POUR et CONTRE : le revenu de base

Publié le lun 08/02/2016 - 00:00

L'ex-ministre de l'Education nationale, Benoît Hamon, en se portant candidat à la primaire PS, s'est dit favorable à l'instauration d'un "revenu universel d'existence". Une prise de position supplémentaire qui vient alimenter le débat, de plus en plus fourni sur ce sujet. Pour certains, plus que d’endiguer la misère, l’instauration d’un revenu social garanti aurait pour but de libérer du temps pour le citoyen. Temps alors valorisable «autrement». D’autres craignent qu’une telle mesure ne se substitue aux autres versements sociaux et n’exclue davantage de personnes du travail, notamment les femmes. POUR et CONTRE. 

 

POUR

Antonella Corsani  est socio-économiste du travail à l’Université Paris 1 Panthéon-Sorbonne. Ses recherches portent notamment sur les métamorphoses du travail et du Rapport Salarial. Elle est également membre fondateur de la revue d'érudition Multitudes dont elle a coordonnéplusieurs numéros.

« Le revenu inconditionnel d’existence : l’argent c’est du temps ? »

«Le temps, c’est de l’argent. C’est cette économie du temps que l’instauration d’un revenu social garanti est susceptible de bouleverser. Conçu comme un revenu suffisant (et non minimal), inconditionnel (sans conditions de revenu et sans contrepartie en travail) et comme un revenu primaire (comme tout revenu d’activité), ce revenu social garanti s’oppose point par point à l’allocation universelle dans sa conception libérale (un revenu minimal pour endiguer la misère) : il constitue un Revenu Inconditionnel d’Existence, et non de subsistance. L’instauration d’un Revenu Inconditionnel d’Existence (RIE) permettrait l’émergence de nouvelles formes de production et de valorisation. D’une part, en dissociant travail et revenu, le RIE ouvre le chemin d’une écologie du travail. De par l’affranchissement de la contrainte monétaire du revenu, le temps est libéré et l’activité humaine peut être investie dans la production d’autres valeurs (valeurs de solidarité, esthétiques, écologiques, etc.) au lieu d’être monopolisée dans la production de la valeur-argent. D’autre part, en bouleversant l’économie du temps, c’est-à-dire en faisant de l’argent un préalable au temps, le RIE est une condition nécessaire de la lenteur, et par là d’une écologie du temps. De par la réappropriation de la maîtrise du temps, une nouvelle qualité des rapports à soi, aux autres et à l’environnement serait possible, c’est-à-dire, une nouvelle qualité de la vie.» exergue « en dissociant travail et revenu, ce nouveau revenu ouvrirait le chemin d’une écologie du travail. D’autre part, en faisant de l’argent un préalable au temps, il est une condition nécessaire de la lenteur, et par là d’une écologie du temps.»

 

CONTRE

Stéphanie Treillet est économiste, membre de la Fondation Copernic, et militante féministe. Pour elle, l’instauration d’un «revenu d’existence» pourrait devenir un facteur supplémentaire d’exclusion du travail, notamment pour les femmes.

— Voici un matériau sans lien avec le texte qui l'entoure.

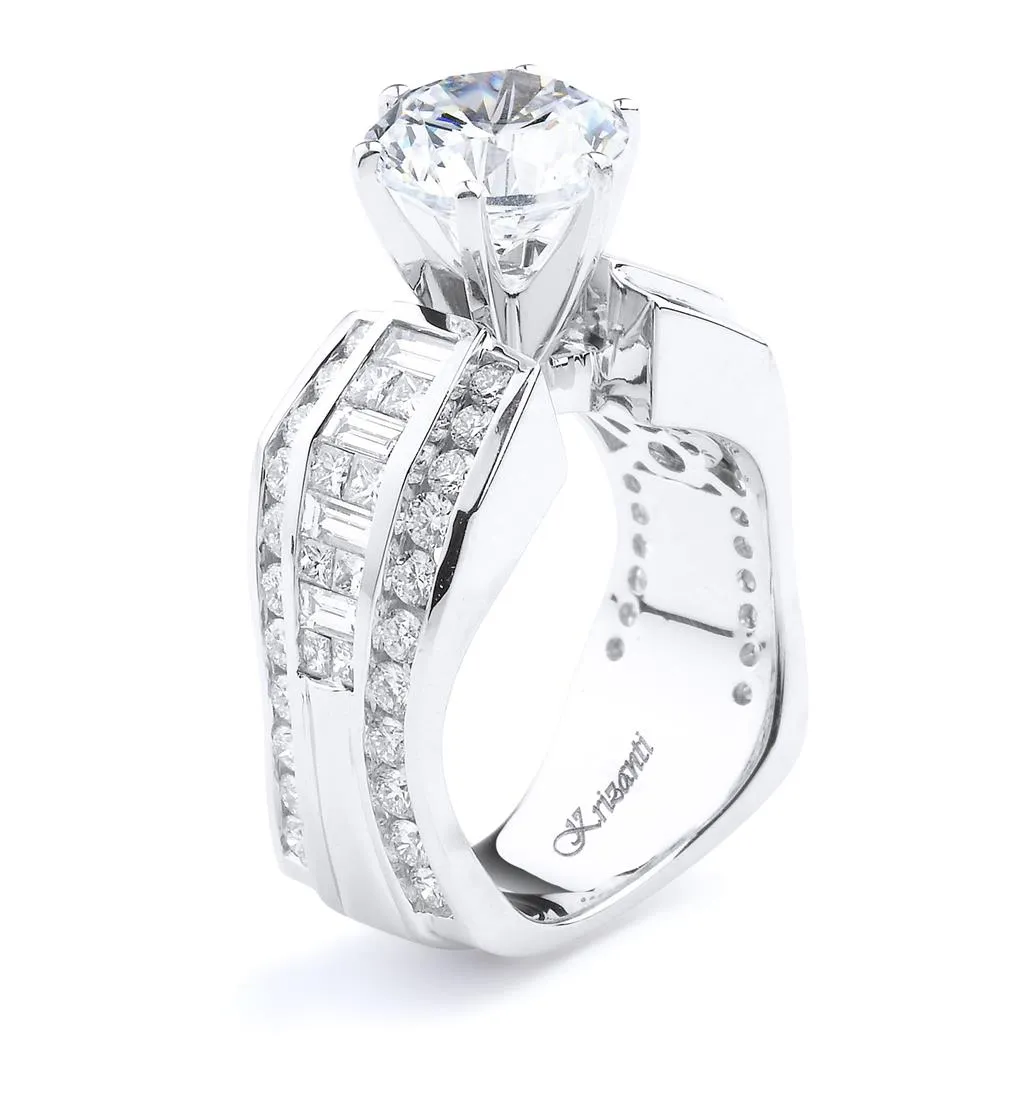 18K White Gold Wide Band Round Diamond Engagement Ring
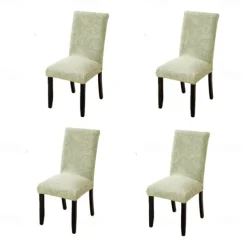 4/6Pcs Dining Chair Cover Slipcovers Plants Jacquard Slipcovers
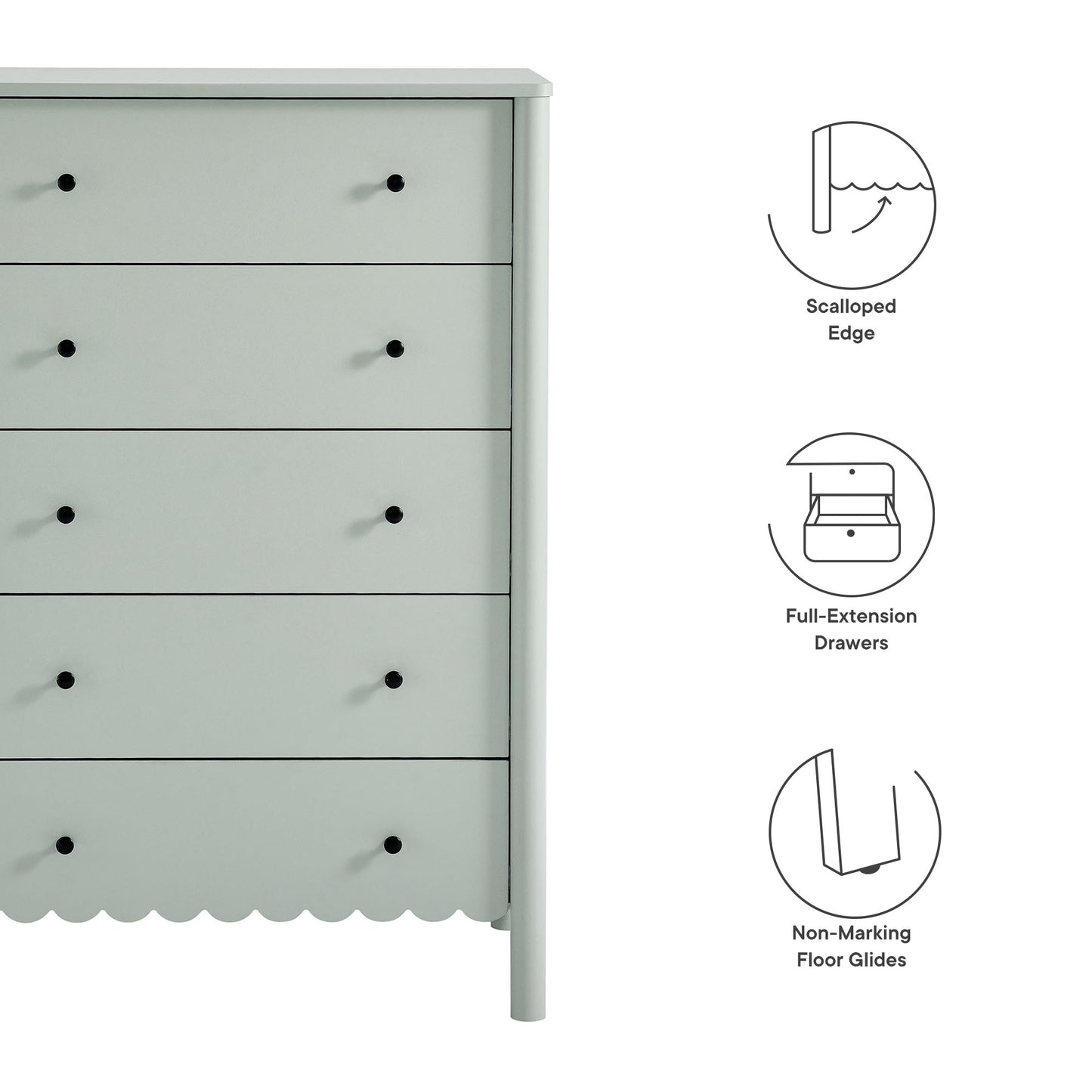 Green scalloped-edge 5-drawer chest with black knobs, full-extension drawers and non-marking floor glides.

« Le revenu de base, facteur d’exclusion du travail »

«Le “revenu d’existence”, ou “allocation universelle”, n’est pas, en termes d’émancipation humaine, une bonne réponse au chômage de masse et à la précarité. Il dessine en effet la perspective d’une société duale, où les unes parviendraient à s’insérer dans le travail social collectif, tandis que d’autres en seraient exclus. En actant l’idée que le plein-emploi serait un objectif hors d’atteinte, il abandonne la lutte dans les entreprises et laisse le champ libre au patronat pour accroître encore la pression que subissent les salariées au travail. Enfin, comment financer un tel revenu, à hauteur suffisante pour qu’il ne soit pas une aumône? Certains prônent pour cela la suppression de toutes les prestations sociales, solution extrêmement dangereuse! D’autres s’en défendent mais n’ont pas de réponse concrète à la question.... Mais surtout, le point aveugle de ce projet reste la question de l’autonomie des femmes: le travail salarié, avec ses dimensions contradictoires, reste la condition de cette autonomie, par rapport à leur conjoint, à leur famille, à leur entourage, et de leur existence sociale. On peut craindre, alors que les femmes se voient toujours chargées de l’essentiel des tâches ménagères et parentales, qu’un revenu d’existence ne se transforme en “salaire maternel”, les renvoyant au foyer. Or la plupart des théories prônant un revenu d’existence ignorent cette question. En réponse à cette impasse dangereuse, il faut défendre une vraie réduction du temps de travail, pour toutes et tous, interdisant le temps partiel imposé et la flexibilité, à même de parvenir à un véritable plein-emploi.»